When we look into a picture we can naturally (and really fast!) determine what points get our attention first. A human face, a specific object, a region with higher contrast, those are both examples of salient areas. We can easily recognise those areas, but computers don't. So we have to teach them to.

Original image

The Grid used a saliency detection algorithm which analyses a given image looking for regions of high contrast. In summary, it divides the original image into small segments. Those segments are analysed and just the most contrasting ones are selected. We call them salient regions (as shown in the side figure).

Salient regions extracted from the image. Higher gray levels indicate more salient areas.

Knowing which regions are most salient we can now crop the original image to show only those regions — to fit on any screen size, for example. Or we can place text on top of images avoiding the salient regions.

Generative images and image processing

Besides analytics, we can use extracted information from text, images or videos to synthesise new content. We can generate an infinite number of unique images using combinations of different shapes, curves and colours.

We can also apply more complex algorithms like Delaunay Triangulation to obtain more interesting and unique meshes for favbanners or backgrounds.

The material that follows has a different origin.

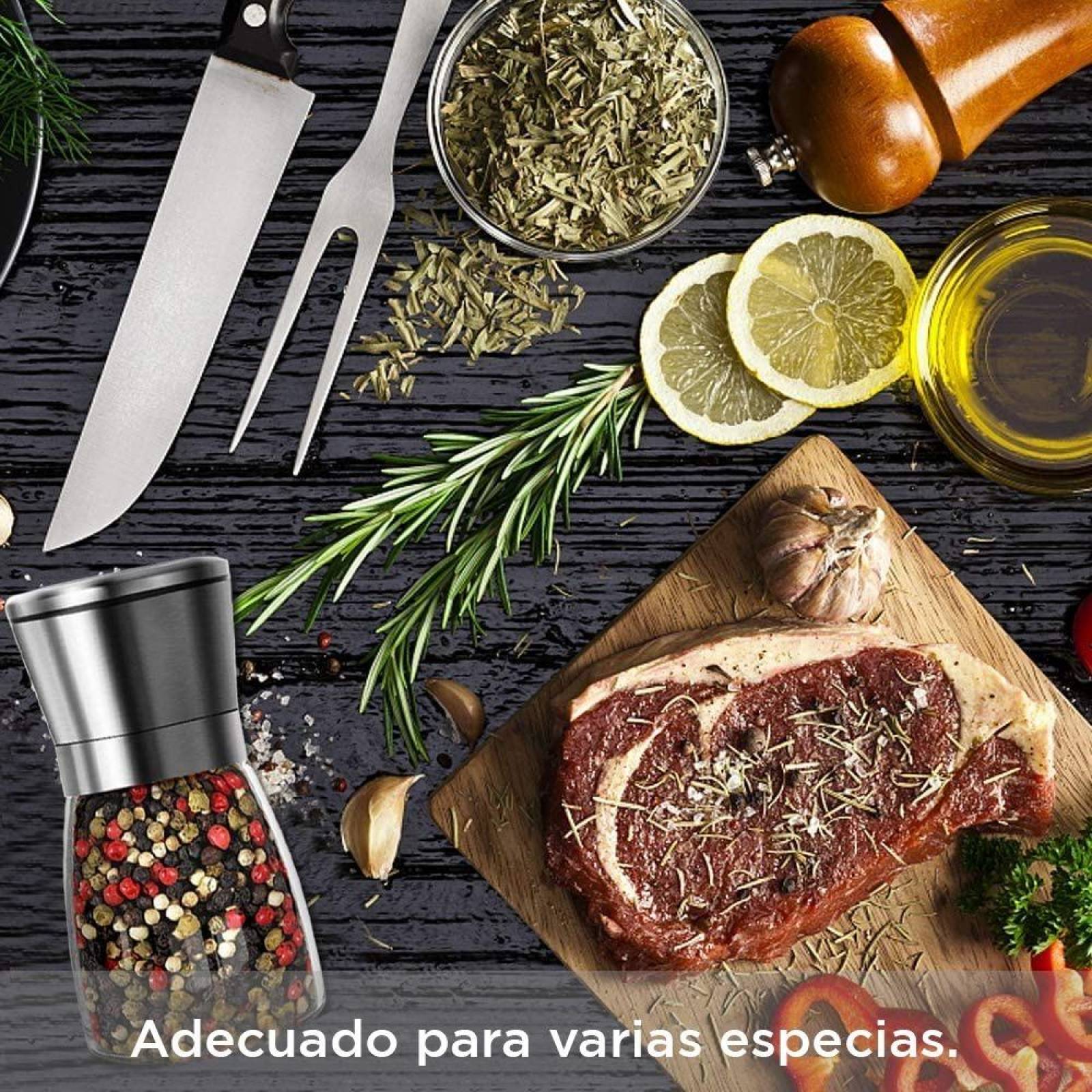 U Chef Salero Y Pimentero Molinos Ajustables Para Especias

Generative images by Delaunay Triangulation

Or we can go beyond and use the same algorithm to style existing pictures.

Image styling using Delaunay Triangulation

Using our open-source image processing pipeline imgflo we were able to manipulate images. It was possible to create any image filter and apply them to enhance pictures.

Filters created on imgflo being applied to the same image. Original picture by Sharon Mollerus.

Imgflo is a runtime for Flowhub, a visual programming environment that made it simple to build image processing graphs.

A Flowhub graph to image processing on imgflo.

What's next?

It's more than 6 years since I wrote this post. Deep Learning happened, Computer Vision was completely changed by it and other ML methods. However, the fundamental problems on design are still there and we can leverage a lot from ML/CV to augment and automate graphical and web design.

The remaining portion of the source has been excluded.